John Griffith, “The Courier (15 August, 1895, page 3)”

Moses also painted the scenery for another Griffith production -Henry Irving’s version of “Faust.” Griffith played the role of Mephisto. The Butte Daily Post reported, “It takes a 60 foot car to carry the scenery, calcium and electric effects. The scenery is painted by Mr. Thomas Moses of Chicago, from a photograph of the original scenery painted for the Lyceum theatre of London, by Mr. Carven” (18 May 1895, page 8). In Washington, the Seattle Post-Intelligencer confirmed the replication of the an entire set, publishing, “The scenery of the production is especially fine. It was painted by Tom Moses from photographs of the original scenery in the Lyceum theater, London” (The Seattle Post-Intelligencer, 4 May 1895, page 6).

Advertisement for “Richard III” and “Faust,” both productions painted by Thomas G. Moses and his crew in 1895.

Moses painted the settings for another touring show managed by Jules Murray -“Said Pasha.” This show toured with “Amorita,” and featured the Calhoun Opera Company. The two productions traveled with “forty-five people and a carload of scenery” painted by Moses and his crew (Weekly Journal Miner, 20 March 1895, page 3).

Moses also designed and painted the scenery for the production of “Mistress Betty; or the Career of Betty Singleton.” This was a play by Clyde Fitch starring the Polish actress Helena Modjeska (Helene Modrzejewski) that was never really successful on tour. It retold the tragic tale of an eighteenth-century London actress who married and alcoholic and is driven mad by his preference for another woman. It opened on October 15 at the Garrick Theatre in New York before going out on tour. Over the years, Moses created the scenery for many of Mojeska’s productions as she took quite a liking to him.

Advertisement for Helena Modjeska in “Mistress Betty.” Buffalo Commercial (29 Oct 1895, page 9)
Helena Modjeska

In addition to all of the touring shows and everything else going on at the Waverly during 1895, Moses designed and painted the settings for the world premiere of “The Mystery of Agnes Page” at the Schiller. It was an incredibly busy year for Moses. Miss Wainwright played the title role in this four-act production by A. E. Lancaster and Nathaniel Hartwig.

Marie Wainwright’s show painted by Thomas G. Moses. St. Louis Post Dispatch (19 April 1896, page 25 Moses)
Illustration of Mary Wainwright in “The Mystery of Agnes Page” Chicago Tribune (12 April 1896 page 42)

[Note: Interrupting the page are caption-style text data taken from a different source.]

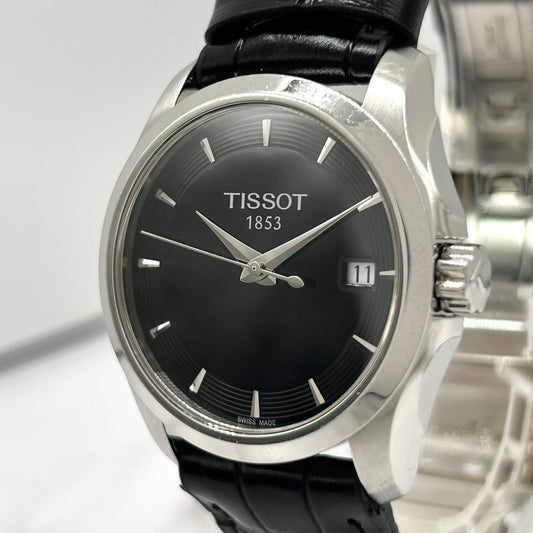 Authentic Tissot Couturier T035210A Unisex Watch Quartz Date Black Dial Leather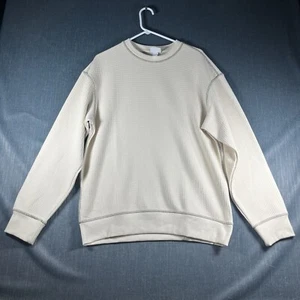 HM Mens Sweater Ivory Waffled Long Sleeve Pullover Loose Fit Size M Polyester - Picture 1 of 11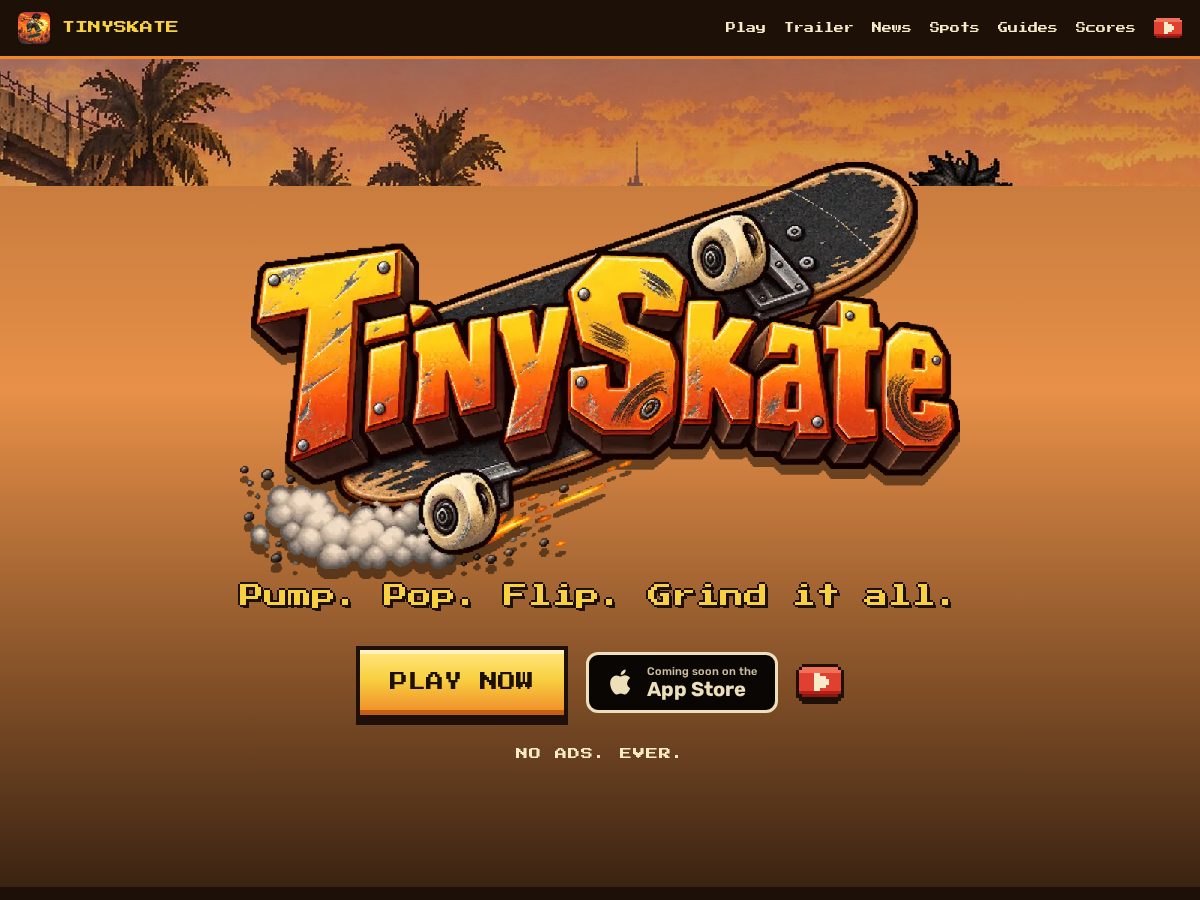 Landing-page snapshot of tinyskate.com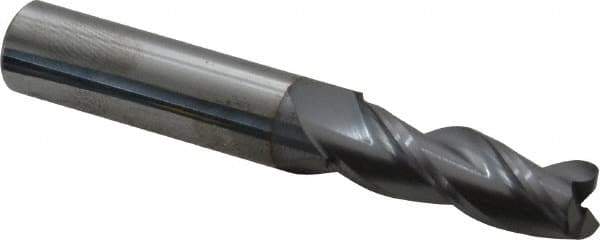 Accupro - 11/32", 3 Flute, Single End, Solid Carbide, 0.02" Corner Radius End Mill - 2-1/2" OAL, 35° Helix, Right Hand Flute, 1" LOC, Right Hand Cut - Eagle Tool & Supply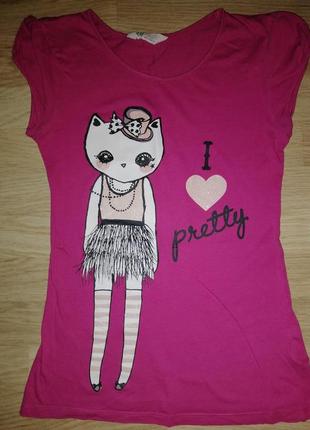 Футболка для девочки легкая, h&m р. 10-12/140-152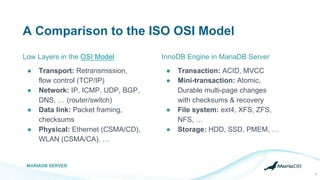 A Comparison to the ISO OSI Model
MARIADB SERVER
Low Layers in the OSI Model
● Transport: Retransmission,
flow control (TCP/IP)
● Network: IP, ICMP, UDP, BGP,
DNS, … (router/switch)
● Data link: Packet framing,
checksums
● Physical: Ethernet (CSMA/CD),
WLAN (CSMA/CA), …
● Transaction: ACID, MVCC
● Mini-transaction: Atomic,
Durable multi-page changes
with checksums & recovery
● File system: ext4, XFS, ZFS,
NFS, …
● Storage: HDD, SSD, PMEM, …
InnoDB Engine in MariaDB Server
6
 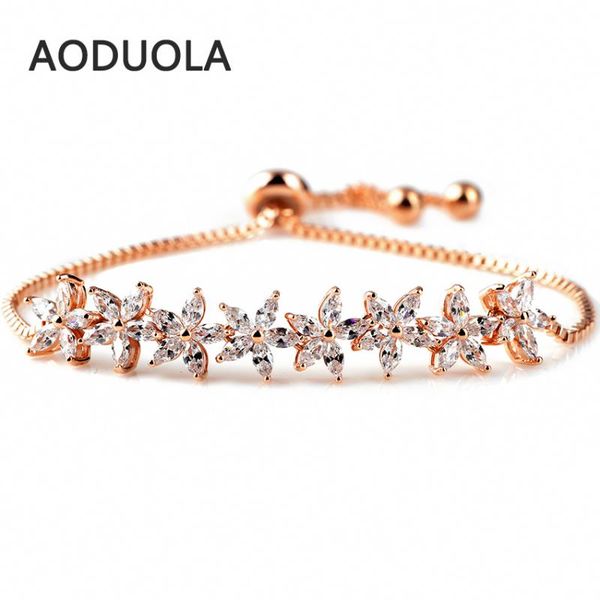 

charm bracelets rose gold color adjustable crystal pentagram bracelet with cz for women love chain jewelry wholesale, Golden;silver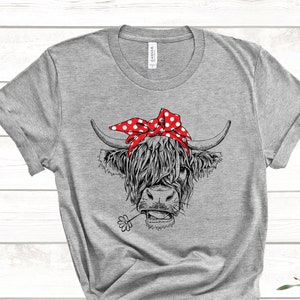 Farmer Highland Cow Shirt Farm T-shirt Cute Cow Shirt Cow Shirt For Mom Heifer Shirt Ranch Tee Cowgirl Cow Gifts For Her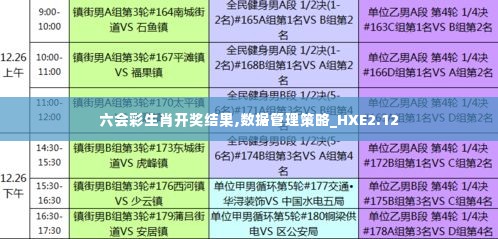 六会彩生肖开奖结果,数据管理策略_HXE2.12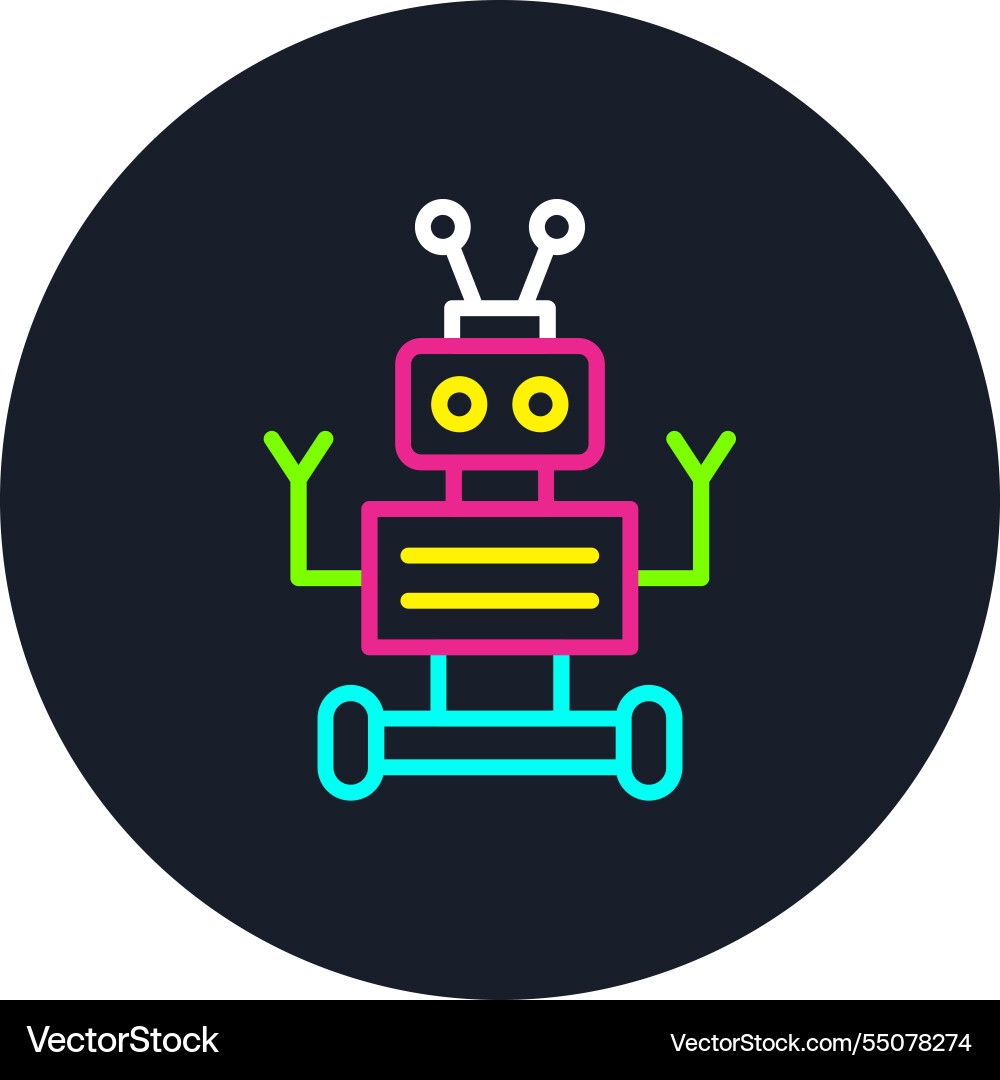 Space robot line multi color icon Vector Image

The Chicago Tribune advertised, “Special Scenery by Thos. G. Moses” for “The Mystery of Agnes Page” (5 April 1896, page 43). The painted settings depicted locations in both Virginia and New Orleans, La., “just prior to the rebellion.” The story hinges on the discovery that the heroine, Agnes Page, is of Ethiopian descent. She struggles with the decision of whether or not to reveal this secret to her lover as she is currently perceived as white. There are lots of surprises and twists in the plot as Agnes realizes her true parentage. The Inter Ocean reported, “The well-known scenic artist Thomas G. Moses has been employed during the past three weeks on the play” (5 April 1896, page 45). Another article noted, “The management is to be heartily praised for the admirable manner in which this new play was staged, the scenery being quite true to the South” (8 April 1896, page 7).

All of the above-mentioned productions advertised that Thomas Moses created the scenery. By 1895, his work was well known and included in advertisements to promote the productions.